Instructions to follow: Reproduce the entries in full. Exclude all images from the copy.

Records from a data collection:
☆ ☆ ☆ ☆ ☆ ☆ ☆
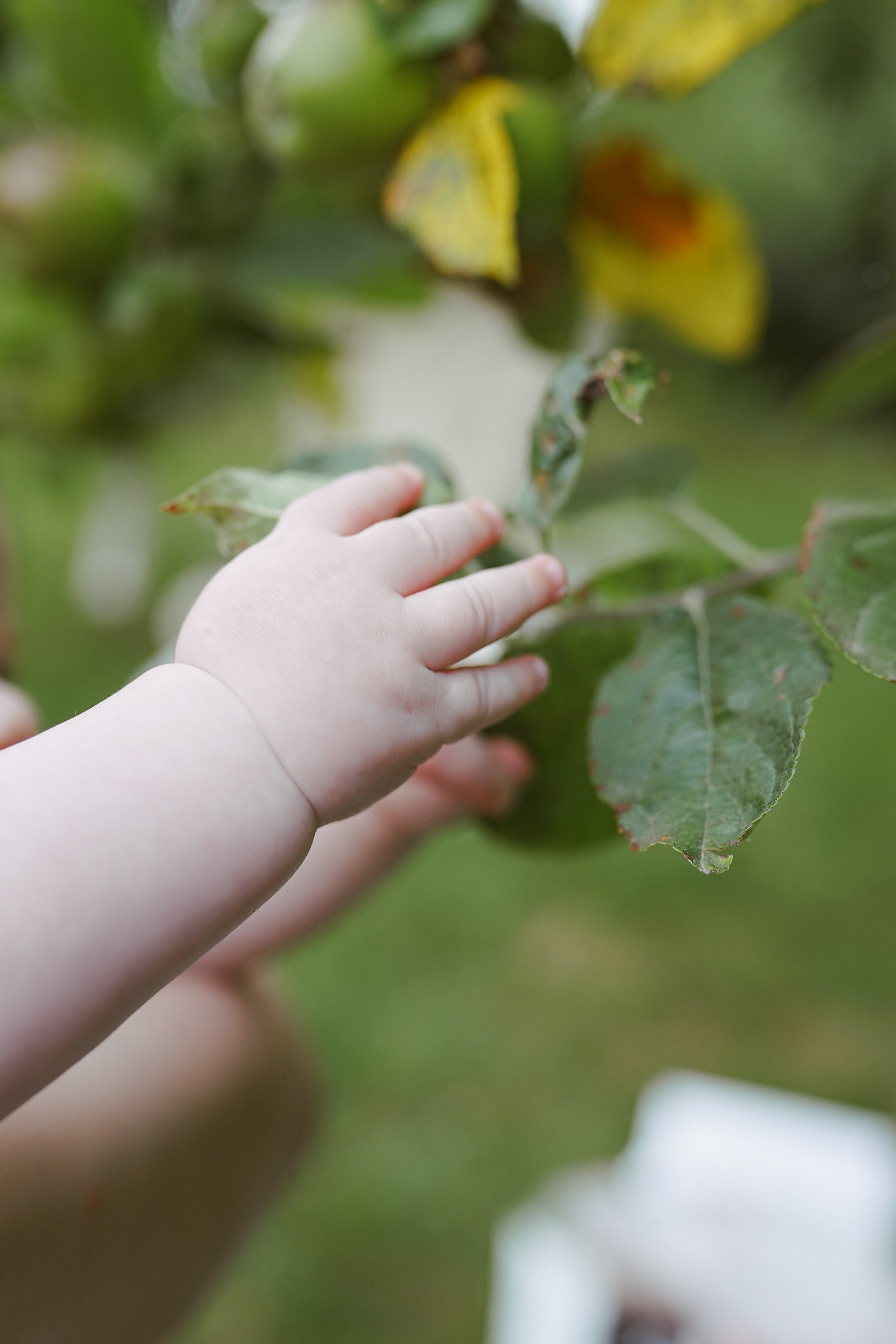 Fotografie de Eveniment Brașov: Povești Vizuale | Mădălina Beda. Madalina Beda- Artist vizual, fotograf, doula la nastere, consultant babywearing Brasov si in toata tara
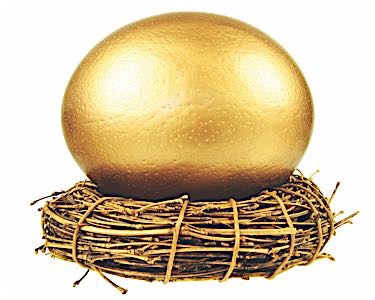 nest-egg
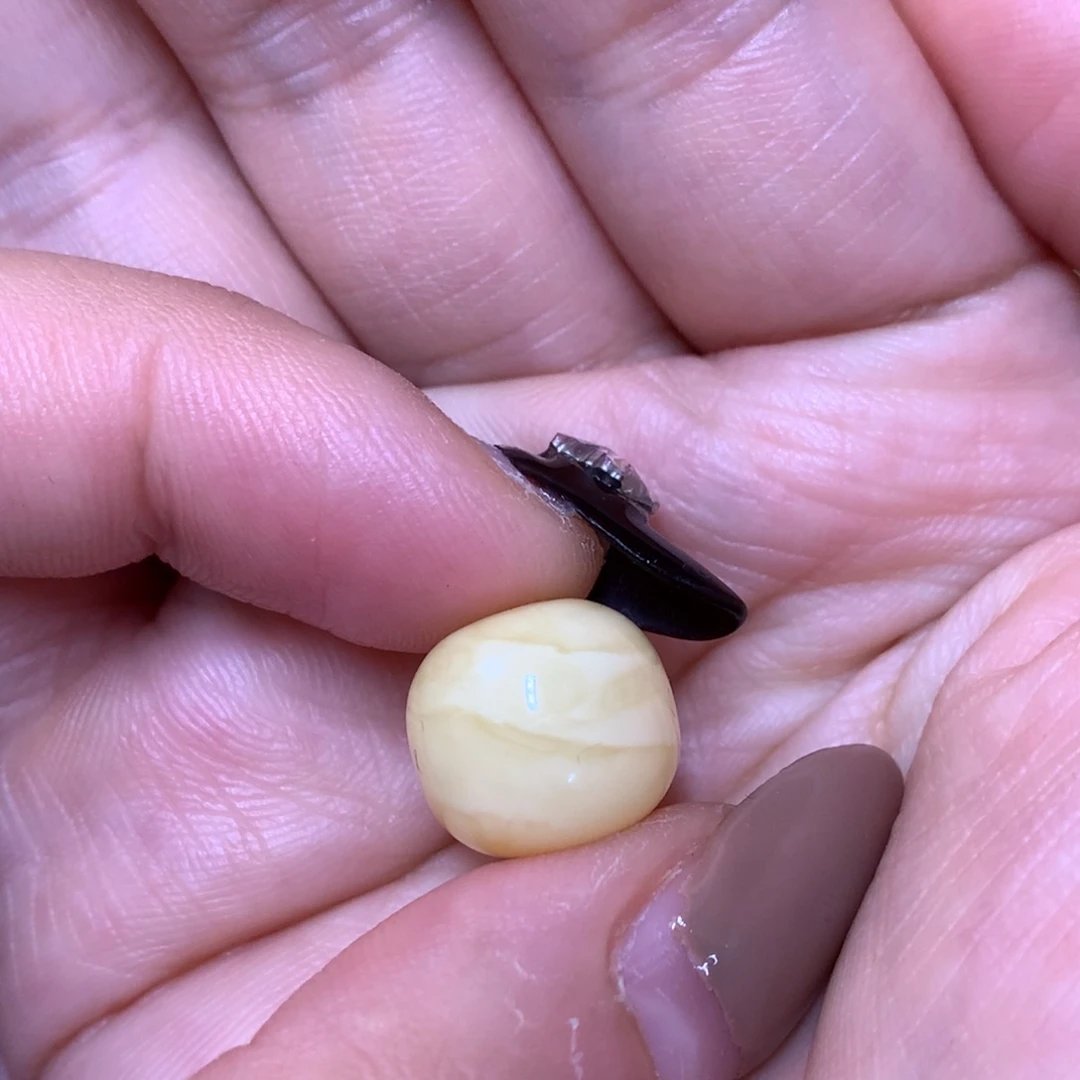 琥珀未镶嵌裸石蜜蜡13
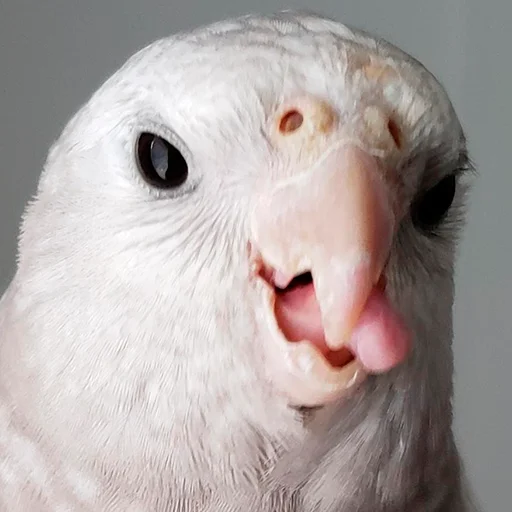 😋 Стикер «Parrots» для Telegram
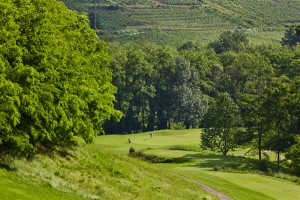 Green Fee Golf de Ammerschwihr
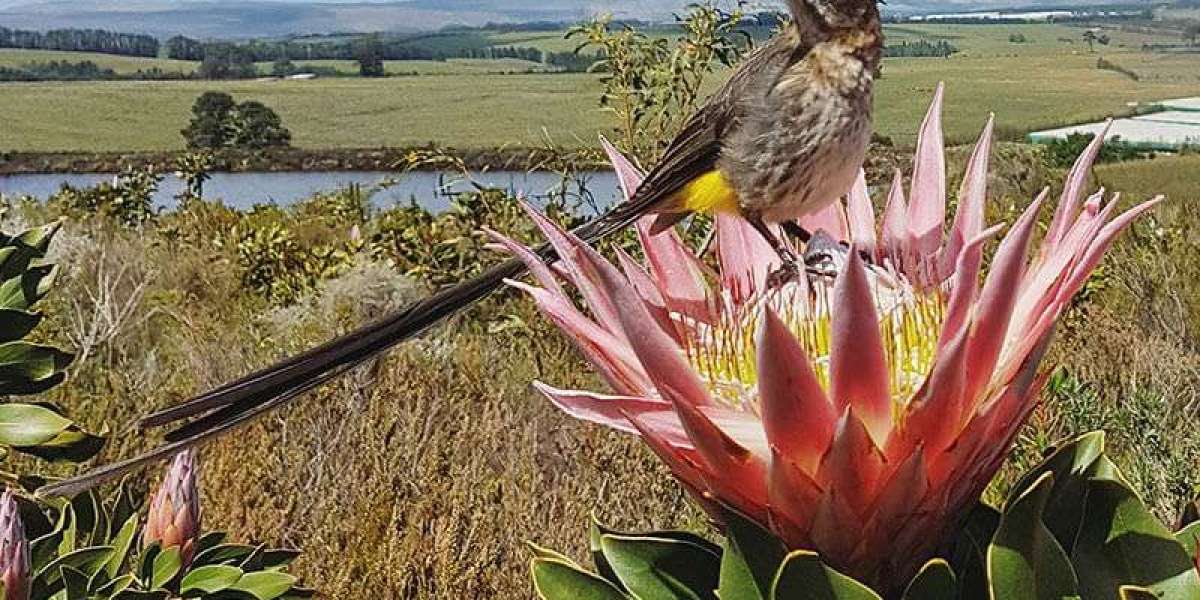 Blue Mountain Hike Adventures in South Africa Discover Luxury Slackpacking Experiences with Green Mountain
☆ ☆ ☆ ☆ ☆ ☆ ☆
Solution to this task:
 Fotografie de Eveniment Brașov: Povești Vizuale | Mădălina Beda. Madalina Beda- Artist vizual, fotograf, doula la nastere, consultant babywearing Brasov si in toata tara
 nest-egg
 琥珀未镶嵌裸石蜜蜡13
 😋 Стикер «Parrots» для Telegram
 Green Fee Golf de Ammerschwihr
 Blue Mountain Hike Adventures in South Africa Discover Luxury Slackpacking Experiences with Green Mountain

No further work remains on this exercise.